**Work required:** Locate the word "Dishwasher" in the material, then show every line that holds it.

(Exercise inputs begins)

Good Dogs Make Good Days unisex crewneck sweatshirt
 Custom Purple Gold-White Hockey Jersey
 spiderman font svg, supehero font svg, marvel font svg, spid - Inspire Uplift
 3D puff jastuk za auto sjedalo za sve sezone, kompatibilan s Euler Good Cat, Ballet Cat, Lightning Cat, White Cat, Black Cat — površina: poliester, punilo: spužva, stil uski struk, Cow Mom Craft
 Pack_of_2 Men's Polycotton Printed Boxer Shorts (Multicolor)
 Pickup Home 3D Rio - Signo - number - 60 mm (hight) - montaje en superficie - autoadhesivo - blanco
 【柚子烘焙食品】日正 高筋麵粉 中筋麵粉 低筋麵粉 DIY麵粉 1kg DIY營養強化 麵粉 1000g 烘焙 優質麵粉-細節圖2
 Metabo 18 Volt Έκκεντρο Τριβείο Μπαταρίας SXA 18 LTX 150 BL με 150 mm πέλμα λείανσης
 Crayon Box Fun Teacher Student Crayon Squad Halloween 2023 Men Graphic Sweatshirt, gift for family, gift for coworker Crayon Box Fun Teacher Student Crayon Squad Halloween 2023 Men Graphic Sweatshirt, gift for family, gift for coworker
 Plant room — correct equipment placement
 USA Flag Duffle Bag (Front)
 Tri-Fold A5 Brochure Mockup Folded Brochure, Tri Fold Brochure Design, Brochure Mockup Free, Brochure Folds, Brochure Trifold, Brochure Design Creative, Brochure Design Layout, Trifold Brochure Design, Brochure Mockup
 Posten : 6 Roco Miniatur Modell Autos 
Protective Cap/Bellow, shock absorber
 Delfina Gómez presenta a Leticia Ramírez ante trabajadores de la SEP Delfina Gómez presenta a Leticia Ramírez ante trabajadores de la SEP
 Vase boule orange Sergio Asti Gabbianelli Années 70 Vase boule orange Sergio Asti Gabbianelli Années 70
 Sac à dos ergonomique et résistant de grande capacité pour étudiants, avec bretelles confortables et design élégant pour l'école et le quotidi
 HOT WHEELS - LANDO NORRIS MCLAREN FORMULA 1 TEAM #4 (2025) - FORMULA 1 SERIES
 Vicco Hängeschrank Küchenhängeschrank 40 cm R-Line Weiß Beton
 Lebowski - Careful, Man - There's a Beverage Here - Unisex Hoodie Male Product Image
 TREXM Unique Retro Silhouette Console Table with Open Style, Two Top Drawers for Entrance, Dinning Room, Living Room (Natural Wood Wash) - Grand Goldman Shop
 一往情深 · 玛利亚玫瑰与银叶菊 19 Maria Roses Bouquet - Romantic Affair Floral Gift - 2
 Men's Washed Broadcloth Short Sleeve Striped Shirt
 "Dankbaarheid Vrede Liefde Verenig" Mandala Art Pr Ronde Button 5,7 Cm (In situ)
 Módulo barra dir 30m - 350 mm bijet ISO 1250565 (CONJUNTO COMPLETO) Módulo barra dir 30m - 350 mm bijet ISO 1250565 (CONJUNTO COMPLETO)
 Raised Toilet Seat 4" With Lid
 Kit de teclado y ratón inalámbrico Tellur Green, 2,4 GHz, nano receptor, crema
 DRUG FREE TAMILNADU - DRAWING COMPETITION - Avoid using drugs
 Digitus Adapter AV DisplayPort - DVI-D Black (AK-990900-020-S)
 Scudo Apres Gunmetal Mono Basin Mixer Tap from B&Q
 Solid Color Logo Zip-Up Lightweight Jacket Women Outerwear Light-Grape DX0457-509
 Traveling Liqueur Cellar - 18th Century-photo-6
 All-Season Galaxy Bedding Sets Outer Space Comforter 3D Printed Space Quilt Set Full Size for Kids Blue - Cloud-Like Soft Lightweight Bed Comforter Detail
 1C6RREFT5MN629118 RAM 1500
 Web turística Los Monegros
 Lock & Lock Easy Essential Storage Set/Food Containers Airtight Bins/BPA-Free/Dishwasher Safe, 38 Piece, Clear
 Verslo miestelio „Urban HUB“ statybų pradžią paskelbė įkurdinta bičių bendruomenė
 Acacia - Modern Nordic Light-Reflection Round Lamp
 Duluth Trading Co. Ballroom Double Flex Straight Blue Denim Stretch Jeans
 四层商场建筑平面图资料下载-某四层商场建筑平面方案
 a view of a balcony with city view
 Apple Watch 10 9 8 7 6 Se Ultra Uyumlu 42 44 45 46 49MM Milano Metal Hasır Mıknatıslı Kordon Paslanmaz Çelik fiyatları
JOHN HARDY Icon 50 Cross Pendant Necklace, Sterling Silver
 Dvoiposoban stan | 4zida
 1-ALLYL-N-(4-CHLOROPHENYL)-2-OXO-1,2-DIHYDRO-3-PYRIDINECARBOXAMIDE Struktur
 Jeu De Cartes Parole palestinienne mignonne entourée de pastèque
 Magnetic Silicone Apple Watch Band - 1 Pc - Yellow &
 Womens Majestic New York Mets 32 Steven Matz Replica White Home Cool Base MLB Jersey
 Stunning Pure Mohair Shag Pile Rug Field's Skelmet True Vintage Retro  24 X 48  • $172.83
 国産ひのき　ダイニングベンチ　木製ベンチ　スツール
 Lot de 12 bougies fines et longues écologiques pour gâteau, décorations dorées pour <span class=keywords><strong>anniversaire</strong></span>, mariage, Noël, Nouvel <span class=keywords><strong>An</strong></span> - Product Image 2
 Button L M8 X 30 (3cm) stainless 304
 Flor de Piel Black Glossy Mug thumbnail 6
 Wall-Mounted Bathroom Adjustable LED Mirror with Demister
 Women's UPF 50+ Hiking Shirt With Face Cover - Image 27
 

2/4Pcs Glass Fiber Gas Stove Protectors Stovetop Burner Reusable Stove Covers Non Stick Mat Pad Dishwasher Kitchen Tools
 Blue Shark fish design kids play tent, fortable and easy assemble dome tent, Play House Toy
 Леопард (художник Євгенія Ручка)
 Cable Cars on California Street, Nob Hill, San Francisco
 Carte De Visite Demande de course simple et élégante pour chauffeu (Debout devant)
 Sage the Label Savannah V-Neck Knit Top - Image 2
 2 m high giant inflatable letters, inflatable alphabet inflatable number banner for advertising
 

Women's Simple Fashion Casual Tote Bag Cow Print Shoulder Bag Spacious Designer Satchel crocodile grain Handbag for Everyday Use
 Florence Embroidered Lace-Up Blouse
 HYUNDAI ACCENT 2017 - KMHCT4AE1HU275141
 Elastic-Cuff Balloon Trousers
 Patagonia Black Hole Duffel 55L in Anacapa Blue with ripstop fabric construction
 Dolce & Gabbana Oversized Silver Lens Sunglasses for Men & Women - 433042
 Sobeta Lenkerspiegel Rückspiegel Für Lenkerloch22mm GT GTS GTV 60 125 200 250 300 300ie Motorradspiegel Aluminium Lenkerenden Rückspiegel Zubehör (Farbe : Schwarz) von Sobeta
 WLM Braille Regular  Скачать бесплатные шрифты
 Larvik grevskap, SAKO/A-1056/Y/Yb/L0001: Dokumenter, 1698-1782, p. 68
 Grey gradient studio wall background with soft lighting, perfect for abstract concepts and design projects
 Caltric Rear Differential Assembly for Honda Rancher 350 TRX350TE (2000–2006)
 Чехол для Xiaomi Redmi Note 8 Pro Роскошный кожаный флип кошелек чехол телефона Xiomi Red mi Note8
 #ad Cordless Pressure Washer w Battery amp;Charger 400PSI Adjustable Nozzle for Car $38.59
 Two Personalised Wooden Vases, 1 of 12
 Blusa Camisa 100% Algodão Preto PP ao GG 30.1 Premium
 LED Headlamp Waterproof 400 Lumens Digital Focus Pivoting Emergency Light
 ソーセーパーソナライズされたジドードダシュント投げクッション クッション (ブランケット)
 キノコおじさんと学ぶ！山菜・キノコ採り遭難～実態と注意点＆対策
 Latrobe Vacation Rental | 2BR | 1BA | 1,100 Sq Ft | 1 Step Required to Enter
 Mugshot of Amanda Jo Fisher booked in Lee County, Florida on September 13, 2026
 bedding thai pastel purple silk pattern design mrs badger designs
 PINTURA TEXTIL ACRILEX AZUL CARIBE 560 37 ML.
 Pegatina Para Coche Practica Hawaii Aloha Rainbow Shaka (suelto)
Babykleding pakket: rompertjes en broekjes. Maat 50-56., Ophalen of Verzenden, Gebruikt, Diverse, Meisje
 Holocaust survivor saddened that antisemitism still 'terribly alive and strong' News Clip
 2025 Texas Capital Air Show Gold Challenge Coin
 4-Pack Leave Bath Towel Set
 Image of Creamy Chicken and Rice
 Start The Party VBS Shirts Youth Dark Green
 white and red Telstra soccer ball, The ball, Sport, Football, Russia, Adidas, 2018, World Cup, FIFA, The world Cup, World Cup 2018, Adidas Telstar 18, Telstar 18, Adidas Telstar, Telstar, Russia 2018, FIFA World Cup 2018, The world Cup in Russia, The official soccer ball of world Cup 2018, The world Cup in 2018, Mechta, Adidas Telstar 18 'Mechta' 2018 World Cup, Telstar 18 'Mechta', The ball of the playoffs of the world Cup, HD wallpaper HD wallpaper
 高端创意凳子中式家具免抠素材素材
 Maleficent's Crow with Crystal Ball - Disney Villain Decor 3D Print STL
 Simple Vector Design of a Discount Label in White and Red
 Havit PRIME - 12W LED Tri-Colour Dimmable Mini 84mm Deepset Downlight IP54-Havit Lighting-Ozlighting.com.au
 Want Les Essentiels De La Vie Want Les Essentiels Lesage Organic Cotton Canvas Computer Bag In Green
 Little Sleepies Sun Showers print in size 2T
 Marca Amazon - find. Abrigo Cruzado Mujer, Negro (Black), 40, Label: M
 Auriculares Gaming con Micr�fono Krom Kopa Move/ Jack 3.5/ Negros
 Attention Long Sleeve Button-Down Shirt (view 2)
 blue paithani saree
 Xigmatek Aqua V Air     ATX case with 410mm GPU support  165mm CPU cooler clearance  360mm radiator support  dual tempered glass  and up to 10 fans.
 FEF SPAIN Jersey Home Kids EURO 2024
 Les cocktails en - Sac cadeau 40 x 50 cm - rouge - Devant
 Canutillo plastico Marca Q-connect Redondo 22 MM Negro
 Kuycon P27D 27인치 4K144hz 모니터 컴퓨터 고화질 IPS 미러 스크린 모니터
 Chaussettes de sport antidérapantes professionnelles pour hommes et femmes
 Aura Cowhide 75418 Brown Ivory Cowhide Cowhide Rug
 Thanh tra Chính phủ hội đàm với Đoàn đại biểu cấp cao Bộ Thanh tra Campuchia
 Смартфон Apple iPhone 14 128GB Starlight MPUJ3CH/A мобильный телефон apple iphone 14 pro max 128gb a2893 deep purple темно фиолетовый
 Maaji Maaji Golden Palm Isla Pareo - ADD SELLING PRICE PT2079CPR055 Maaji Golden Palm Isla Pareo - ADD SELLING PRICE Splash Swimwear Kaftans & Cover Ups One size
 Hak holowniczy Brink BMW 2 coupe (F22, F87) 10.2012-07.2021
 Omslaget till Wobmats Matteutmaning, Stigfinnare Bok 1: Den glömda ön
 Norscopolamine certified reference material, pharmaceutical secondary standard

(Exercise inputs ends)

**Exercise result:**
 Lock & Lock Easy Essential Storage Set/Food Containers Airtight Bins/BPA-Free/Dishwasher Safe, 38 Piece, Clear
2/4Pcs Glass Fiber Gas Stove Protectors Stovetop Burner Reusable Stove Covers Non Stick Mat Pad Dishwasher Kitchen Tools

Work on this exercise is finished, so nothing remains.